# Try it
Copy the lines below word for word, skipping any image.

[Stored data entries]
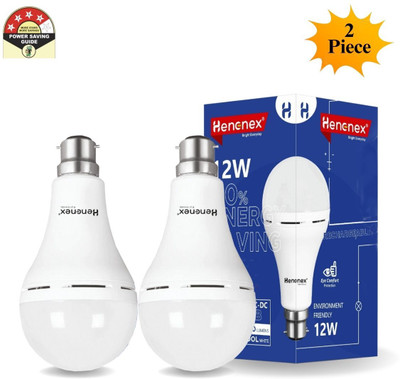Henonex Charging Emergency Bulb-12W-47 4 hrs Bulb Emergency Light(White)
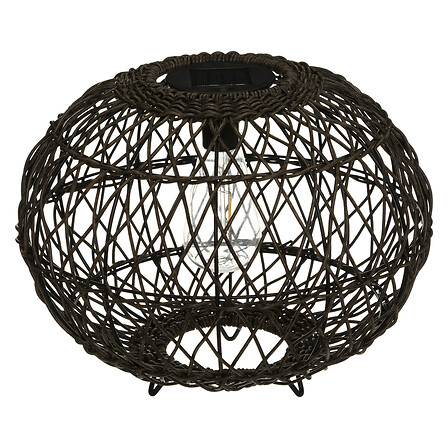 d31 lampada a sfera solare naturale, nera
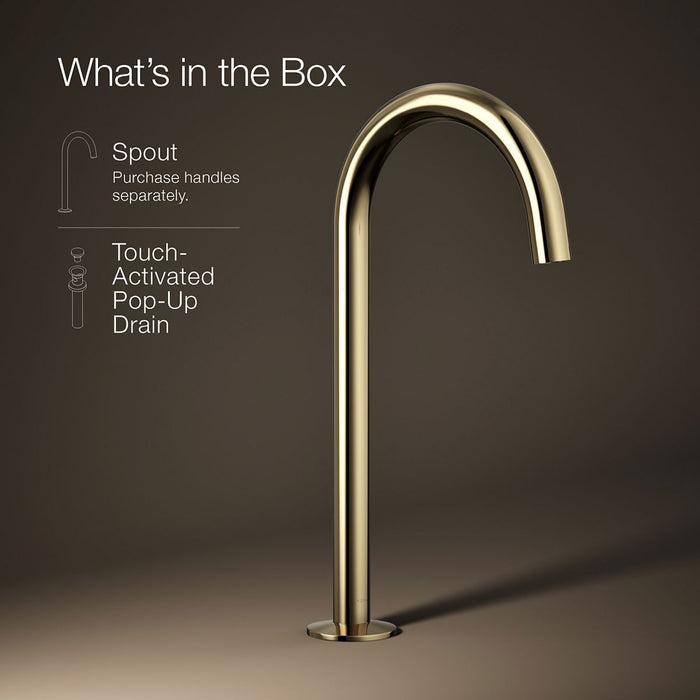 KOHLER KOHLER K-77965 Components Bathroom sink faucet spout with Tube design, 1.2 gpm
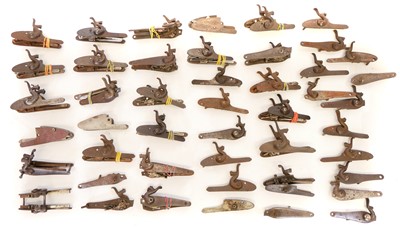 Lot 432 - Collection of shotgun lock pairs, together...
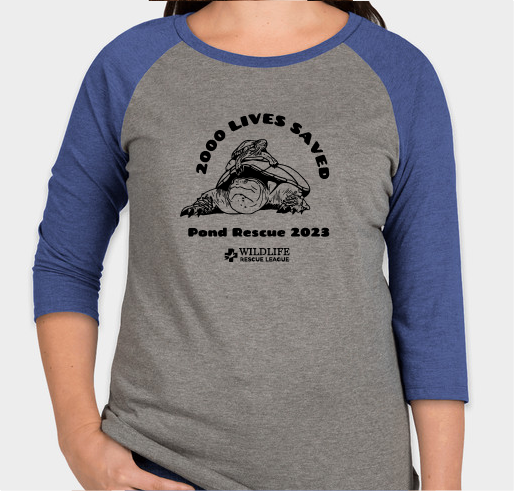 Wildlife Rescue League's 2023 Annual T-shirt Fundraiser! Fundraiser - unisex shirt design - small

# Answer space
Henonex Charging Emergency Bulb-12W-47 4 hrs Bulb Emergency Light(White)
 d31 lampada a sfera solare naturale, nera
 KOHLER KOHLER K-77965 Components Bathroom sink faucet spout with Tube design, 1.2 gpm
 Lot 432 - Collection of shotgun lock pairs, together...
 Wildlife Rescue League's 2023 Annual T-shirt Fundraiser! Fundraiser - unisex shirt design - small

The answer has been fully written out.